The Immortal stara się robić wszystko co może przybliżyć go do titleshota.
Matt Brown (18-11, 11-6 w UFC, #7 w rankingu UFC) wygrał 6 ostatnich walk z czego aż 5 przez nokauty. To sprawiło, że stał się poważnym graczem w zatłoczonej dywizji półśredniej.

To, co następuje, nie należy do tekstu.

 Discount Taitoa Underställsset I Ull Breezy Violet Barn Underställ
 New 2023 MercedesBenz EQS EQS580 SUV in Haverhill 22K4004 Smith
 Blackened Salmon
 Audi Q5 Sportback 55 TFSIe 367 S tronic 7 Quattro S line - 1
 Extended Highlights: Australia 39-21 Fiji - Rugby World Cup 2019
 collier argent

Kolejną walką Matta miało być starcie na UFC on Fox 9 naprzeciw Carlosa Condita ale z tej potyczki wyeliminowała go kontuzja. Z tego powodu Brown zawalczy dopiero na UFC Fight Night 41, jego przeciwnikiem będzie Erick Silva (16-4 1NC, 4-3 w UFC, #15 w rankingu UFC). Matt uważa, że powinien dostać szansę walki o pas. Jest też bardzo pewny tego, że poradziłby sobie z obecnym mistrzem. Uważa, że moc jego pięści zapewniłaby zwycięstwo w boju z Johnym Hendricksem.
„Tak, zasługuję na titleshota i wierzę, że pokonam Hendricksa własnoręcznie.”
O ile pokonanie Ericka nie powinno być dużym wyzwaniem dla Matta, o tyle walka z Hendricksem na pewno nie byłaby tak łatwa jak zapewnia sam zainteresowany.